In the year 287, Tiridates III was restored to the Armenian throne by the Roman emperor Diocletian, which the country was previously ruled by the Parthian Kings and later by the Sassanids Kings who were expelled from Armenia by her brother and his army. After her brother became Armenian King, Khosrovidukht returned to the country with her foster family to be with her brother. At some date during his reign, Tiridates III erected at Garni for his sister, a summer residence ornamented with columns and magnificent bas-reliefs, the commemorative inscription was in Greek. The inscription reveals that the work was not done by Armenian hands.

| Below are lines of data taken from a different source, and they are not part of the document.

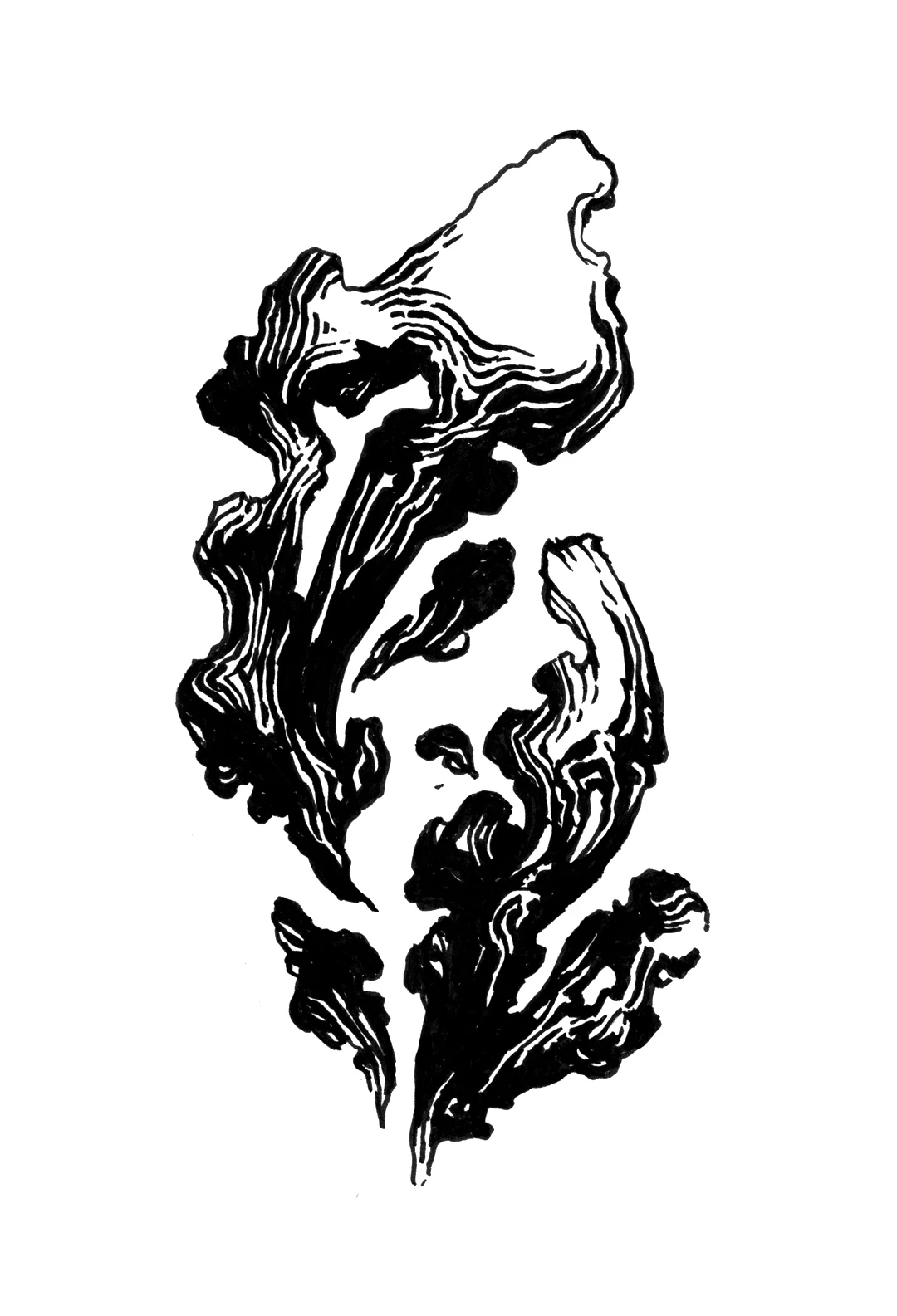 Abstract botanical art by Laura Dreyer, drawn in ink.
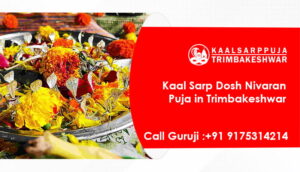 Kaal Sarp Dosh Nivaran Puja in Trimbakeshwar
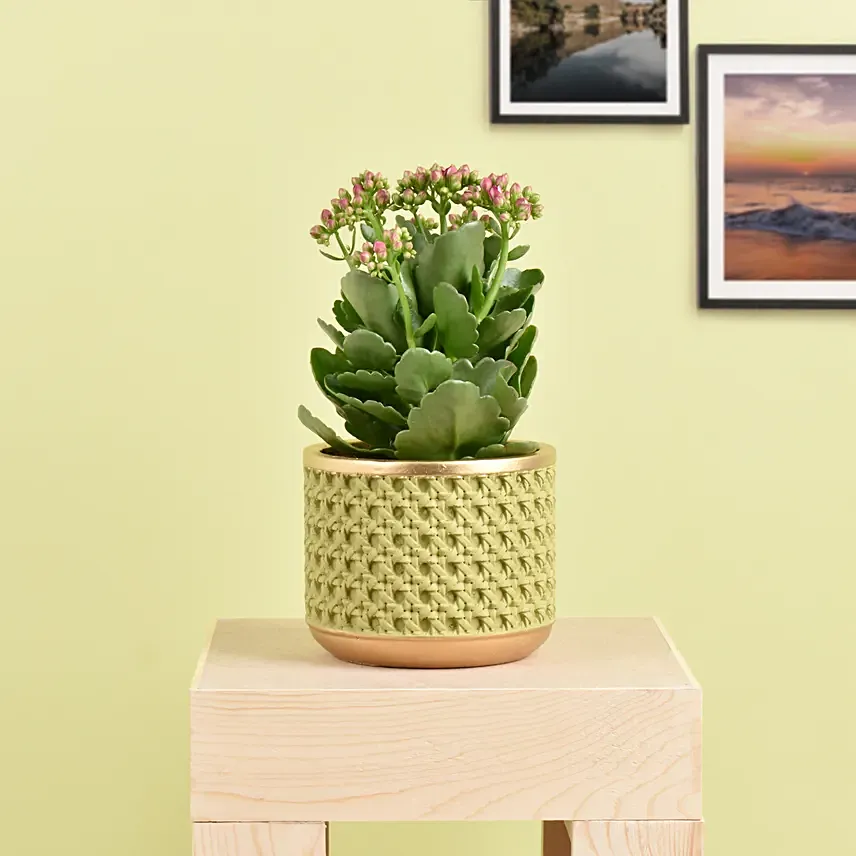 Pink Kalanchoe In Ceramic Pot: Flowering Plants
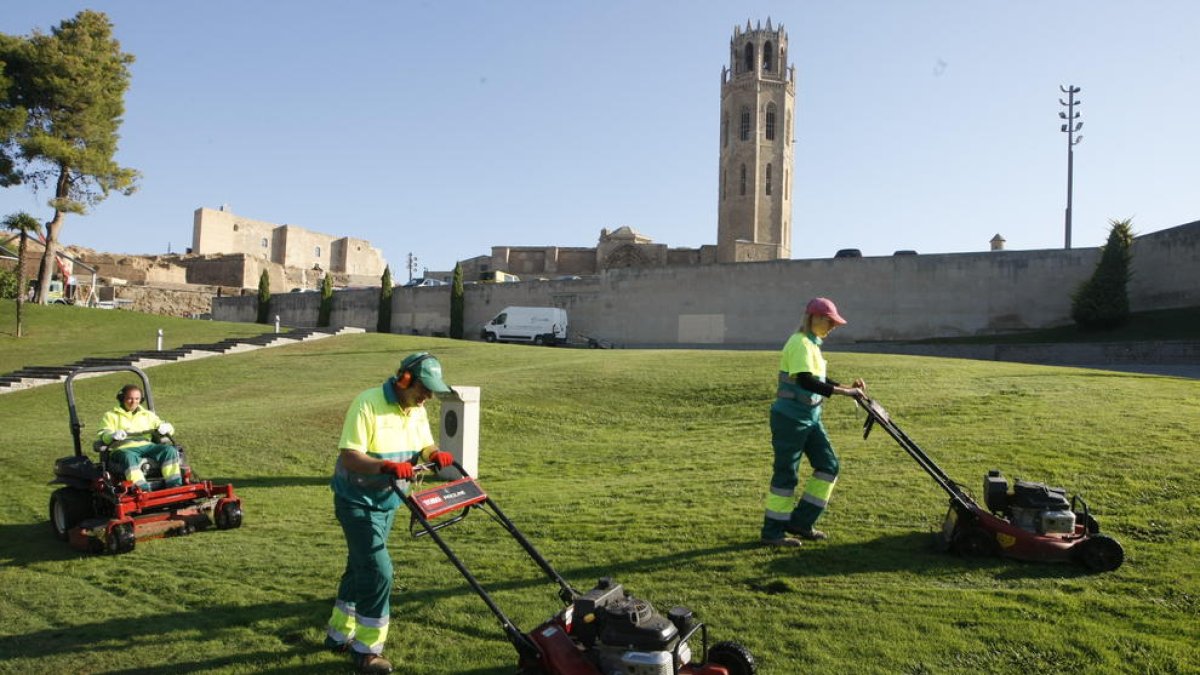 Jardiners adequant l’entorn de la Seu Vella.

Khosrovidukht, Tiridates III and many Armenians in that period were followers of the religion of Zoroastrianism. Zoroastrianism was the head religion of the Armenian state. In Tiridates III's reign, Christian persecutions occurred throughout the Roman Empire. As her brother was an ally to Rome, he participated in these events. Tiridates III ordered the execution of many Christians, who opposed to worship the various pagan religions in the Roman Empire. These Christians who Tiridates III had harshly persecuted lived in Armenia or had fled to the country to escape the religious massacres. Among his victims, Tiridates III was responsible for the martyrdom of the Hripsimeyan nuns and condemning Gregory the Illuminator to the Khor Virap a deep underground dungeon.

After the martyrdom of the Hripsimeyan nuns, Tiridates III had lost his sanity and had become mentally ill. Tiridates III adopted the behaviour of a wild boar, aimlessly wandering around in the forest. Out of concern for her brother, Khosrovidukht did everything within her possibilities to bring her brother back to sanity.

In her sleep, Khosrovidukht had a dream where a vision from God appeared to her. She saw in her dream a man in the likeness of light coming towards her and told her "there is no other cure for these torments that have come upon you, unless you send to the city of Artashat and bring thence the prisoner Gregory. When he comes he will teach you the remedy for your ills." Khosrovidukht had this vision five times. She came to speak to the people about her vision and the populace heard this and they began to mock her words. They began to say to her: "You too then are mad. Some demon has possessed you. How is it, because it is fifteen years since they threw him into the terribly pit, that you say he is alive? Where would even his bones be? For on the same day when they put him down there, he would have immediately dropped dead at the very sight of the snakes."

Following threats, that if unless she reported it immediately she would suffer great torments and the king would become even worse, Khosrovidukht came forward again in great fear and hesitation and told Tiridates III about her vision. Khosrovidukhts character was of a modest maiden like a nun and she did not have an open mouth like other women.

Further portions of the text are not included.